→ Problem statement: After locating the line that contains "Building Photo - 225 N Miami Ave" in the data below, set down exactly that line and each one after it through the line that contains "Vintage 90's Rare", and nothing more.

Stored records
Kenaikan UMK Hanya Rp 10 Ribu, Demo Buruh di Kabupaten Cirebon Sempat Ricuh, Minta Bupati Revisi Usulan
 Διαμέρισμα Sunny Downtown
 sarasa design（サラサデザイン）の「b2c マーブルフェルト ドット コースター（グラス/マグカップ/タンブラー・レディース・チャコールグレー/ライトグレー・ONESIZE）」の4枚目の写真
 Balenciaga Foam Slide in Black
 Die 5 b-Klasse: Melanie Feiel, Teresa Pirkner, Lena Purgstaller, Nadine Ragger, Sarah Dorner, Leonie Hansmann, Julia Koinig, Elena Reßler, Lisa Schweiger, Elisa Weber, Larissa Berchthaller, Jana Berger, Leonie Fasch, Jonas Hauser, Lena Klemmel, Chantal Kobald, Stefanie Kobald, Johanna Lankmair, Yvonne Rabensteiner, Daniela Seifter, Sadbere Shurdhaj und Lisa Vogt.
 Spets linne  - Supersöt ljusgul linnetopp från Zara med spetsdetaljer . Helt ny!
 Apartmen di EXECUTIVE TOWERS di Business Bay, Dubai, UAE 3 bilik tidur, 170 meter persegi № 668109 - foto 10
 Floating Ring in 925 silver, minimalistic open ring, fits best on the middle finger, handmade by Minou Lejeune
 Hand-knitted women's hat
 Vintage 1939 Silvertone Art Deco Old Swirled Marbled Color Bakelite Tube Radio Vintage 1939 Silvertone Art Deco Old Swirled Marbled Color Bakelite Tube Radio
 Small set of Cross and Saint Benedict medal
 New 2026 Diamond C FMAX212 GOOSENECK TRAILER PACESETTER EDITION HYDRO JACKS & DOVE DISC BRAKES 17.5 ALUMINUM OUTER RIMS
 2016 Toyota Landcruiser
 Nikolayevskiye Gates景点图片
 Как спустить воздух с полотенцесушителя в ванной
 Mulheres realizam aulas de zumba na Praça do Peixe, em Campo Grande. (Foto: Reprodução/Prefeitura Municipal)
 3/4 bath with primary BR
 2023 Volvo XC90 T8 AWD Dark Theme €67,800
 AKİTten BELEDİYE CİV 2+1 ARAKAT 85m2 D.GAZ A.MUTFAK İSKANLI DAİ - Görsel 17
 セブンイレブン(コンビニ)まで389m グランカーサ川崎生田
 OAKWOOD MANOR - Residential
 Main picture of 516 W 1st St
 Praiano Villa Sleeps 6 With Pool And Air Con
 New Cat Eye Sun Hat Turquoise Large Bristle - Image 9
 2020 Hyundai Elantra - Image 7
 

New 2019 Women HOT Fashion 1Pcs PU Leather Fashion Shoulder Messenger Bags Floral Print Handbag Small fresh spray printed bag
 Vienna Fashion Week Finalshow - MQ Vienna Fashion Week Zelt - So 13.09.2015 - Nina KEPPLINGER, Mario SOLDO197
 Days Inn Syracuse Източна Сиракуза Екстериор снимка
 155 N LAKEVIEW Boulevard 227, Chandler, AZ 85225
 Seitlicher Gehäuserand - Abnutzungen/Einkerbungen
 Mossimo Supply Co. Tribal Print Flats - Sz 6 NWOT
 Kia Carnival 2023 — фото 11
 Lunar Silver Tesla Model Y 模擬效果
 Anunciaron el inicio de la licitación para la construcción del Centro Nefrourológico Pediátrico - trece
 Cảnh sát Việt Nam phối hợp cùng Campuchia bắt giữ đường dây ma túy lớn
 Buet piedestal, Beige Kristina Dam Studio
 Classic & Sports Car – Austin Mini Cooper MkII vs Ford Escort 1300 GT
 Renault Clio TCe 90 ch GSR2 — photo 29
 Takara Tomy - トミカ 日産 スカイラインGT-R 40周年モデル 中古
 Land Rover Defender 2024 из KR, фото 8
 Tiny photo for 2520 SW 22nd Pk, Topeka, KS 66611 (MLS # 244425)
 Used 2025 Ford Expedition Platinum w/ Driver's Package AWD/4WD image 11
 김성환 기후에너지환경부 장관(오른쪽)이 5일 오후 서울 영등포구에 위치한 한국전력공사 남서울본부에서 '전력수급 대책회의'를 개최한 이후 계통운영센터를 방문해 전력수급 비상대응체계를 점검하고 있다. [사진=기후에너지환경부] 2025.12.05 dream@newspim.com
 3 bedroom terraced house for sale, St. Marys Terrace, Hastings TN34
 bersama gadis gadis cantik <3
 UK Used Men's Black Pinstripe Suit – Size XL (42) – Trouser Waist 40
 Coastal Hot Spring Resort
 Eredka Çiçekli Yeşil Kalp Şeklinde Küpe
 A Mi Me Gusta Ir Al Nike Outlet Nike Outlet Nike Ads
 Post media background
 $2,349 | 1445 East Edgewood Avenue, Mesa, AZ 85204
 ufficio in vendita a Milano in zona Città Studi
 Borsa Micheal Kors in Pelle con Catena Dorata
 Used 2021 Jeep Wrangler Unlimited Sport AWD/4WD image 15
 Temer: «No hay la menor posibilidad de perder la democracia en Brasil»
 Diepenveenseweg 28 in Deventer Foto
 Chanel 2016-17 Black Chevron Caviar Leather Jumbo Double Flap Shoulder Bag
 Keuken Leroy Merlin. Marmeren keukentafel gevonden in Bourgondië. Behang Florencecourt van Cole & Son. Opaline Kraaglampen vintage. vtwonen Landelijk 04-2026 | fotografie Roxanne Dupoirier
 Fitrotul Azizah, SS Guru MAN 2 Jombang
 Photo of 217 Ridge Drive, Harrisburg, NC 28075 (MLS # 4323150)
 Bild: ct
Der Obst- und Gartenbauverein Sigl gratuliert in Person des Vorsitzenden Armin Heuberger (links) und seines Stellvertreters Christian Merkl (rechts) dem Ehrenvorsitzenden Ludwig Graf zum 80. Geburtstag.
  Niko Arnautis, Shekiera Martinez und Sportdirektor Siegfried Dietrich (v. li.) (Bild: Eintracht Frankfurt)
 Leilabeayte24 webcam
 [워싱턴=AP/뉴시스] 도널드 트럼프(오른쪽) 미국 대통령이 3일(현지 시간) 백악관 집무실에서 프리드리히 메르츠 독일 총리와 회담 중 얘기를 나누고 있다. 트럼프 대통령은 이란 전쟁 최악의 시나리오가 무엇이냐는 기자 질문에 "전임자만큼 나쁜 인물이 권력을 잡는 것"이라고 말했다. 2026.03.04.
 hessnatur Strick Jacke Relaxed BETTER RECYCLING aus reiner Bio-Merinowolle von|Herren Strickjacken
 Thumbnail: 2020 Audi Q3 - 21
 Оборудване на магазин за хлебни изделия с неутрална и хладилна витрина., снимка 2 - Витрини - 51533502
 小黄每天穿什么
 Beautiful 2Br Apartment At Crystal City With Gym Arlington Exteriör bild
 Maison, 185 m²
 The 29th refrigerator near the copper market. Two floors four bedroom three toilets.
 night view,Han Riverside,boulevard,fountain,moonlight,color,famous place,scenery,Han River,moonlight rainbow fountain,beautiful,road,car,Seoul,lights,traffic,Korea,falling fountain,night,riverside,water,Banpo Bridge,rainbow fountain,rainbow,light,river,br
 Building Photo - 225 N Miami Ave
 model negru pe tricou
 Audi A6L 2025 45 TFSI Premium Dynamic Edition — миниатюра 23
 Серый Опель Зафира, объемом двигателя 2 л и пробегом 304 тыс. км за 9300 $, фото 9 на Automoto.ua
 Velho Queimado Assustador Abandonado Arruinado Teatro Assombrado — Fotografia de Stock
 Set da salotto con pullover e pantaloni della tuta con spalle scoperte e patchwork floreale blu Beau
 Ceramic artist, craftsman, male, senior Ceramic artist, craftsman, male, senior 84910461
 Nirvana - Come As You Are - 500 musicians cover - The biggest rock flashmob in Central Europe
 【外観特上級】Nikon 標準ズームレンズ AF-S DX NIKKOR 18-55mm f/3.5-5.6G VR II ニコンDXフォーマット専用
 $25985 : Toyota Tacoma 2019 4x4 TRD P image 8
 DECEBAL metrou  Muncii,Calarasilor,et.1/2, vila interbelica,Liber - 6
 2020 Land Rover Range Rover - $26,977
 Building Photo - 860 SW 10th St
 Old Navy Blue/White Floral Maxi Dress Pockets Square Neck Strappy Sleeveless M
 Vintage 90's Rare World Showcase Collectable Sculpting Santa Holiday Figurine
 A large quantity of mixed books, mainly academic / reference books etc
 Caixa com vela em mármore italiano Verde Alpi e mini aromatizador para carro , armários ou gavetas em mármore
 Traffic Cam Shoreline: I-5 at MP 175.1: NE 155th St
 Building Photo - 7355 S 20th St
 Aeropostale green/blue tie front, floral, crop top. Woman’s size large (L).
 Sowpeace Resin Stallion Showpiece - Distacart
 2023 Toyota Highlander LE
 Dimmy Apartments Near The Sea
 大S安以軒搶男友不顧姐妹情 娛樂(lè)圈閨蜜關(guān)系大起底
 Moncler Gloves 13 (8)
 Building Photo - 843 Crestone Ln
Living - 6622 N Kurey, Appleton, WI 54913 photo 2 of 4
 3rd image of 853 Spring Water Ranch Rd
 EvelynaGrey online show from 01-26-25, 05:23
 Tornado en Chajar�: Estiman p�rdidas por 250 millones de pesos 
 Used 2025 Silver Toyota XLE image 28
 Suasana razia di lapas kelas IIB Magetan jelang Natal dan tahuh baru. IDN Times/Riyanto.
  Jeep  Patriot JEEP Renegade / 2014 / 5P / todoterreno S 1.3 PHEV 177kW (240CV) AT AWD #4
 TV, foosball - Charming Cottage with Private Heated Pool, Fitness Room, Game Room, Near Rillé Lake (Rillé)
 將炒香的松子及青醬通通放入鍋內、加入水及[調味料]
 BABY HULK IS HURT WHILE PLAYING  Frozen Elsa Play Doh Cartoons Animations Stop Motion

→ Output of the exercise:
 Building Photo - 225 N Miami Ave
 model negru pe tricou
 Audi A6L 2025 45 TFSI Premium Dynamic Edition — миниатюра 23
 Серый Опель Зафира, объемом двигателя 2 л и пробегом 304 тыс. км за 9300 $, фото 9 на Automoto.ua
 Velho Queimado Assustador Abandonado Arruinado Teatro Assombrado — Fotografia de Stock
 Set da salotto con pullover e pantaloni della tuta con spalle scoperte e patchwork floreale blu Beau
 Ceramic artist, craftsman, male, senior Ceramic artist, craftsman, male, senior 84910461
 Nirvana - Come As You Are - 500 musicians cover - The biggest rock flashmob in Central Europe
 【外観特上級】Nikon 標準ズームレンズ AF-S DX NIKKOR 18-55mm f/3.5-5.6G VR II ニコンDXフォーマット専用
 $25985 : Toyota Tacoma 2019 4x4 TRD P image 8
 DECEBAL metrou  Muncii,Calarasilor,et.1/2, vila interbelica,Liber - 6
 2020 Land Rover Range Rover - $26,977
 Building Photo - 860 SW 10th St
 Old Navy Blue/White Floral Maxi Dress Pockets Square Neck Strappy Sleeveless M
 Vintage 90's Rare World Showcase Collectable Sculpting Santa Holiday Figurine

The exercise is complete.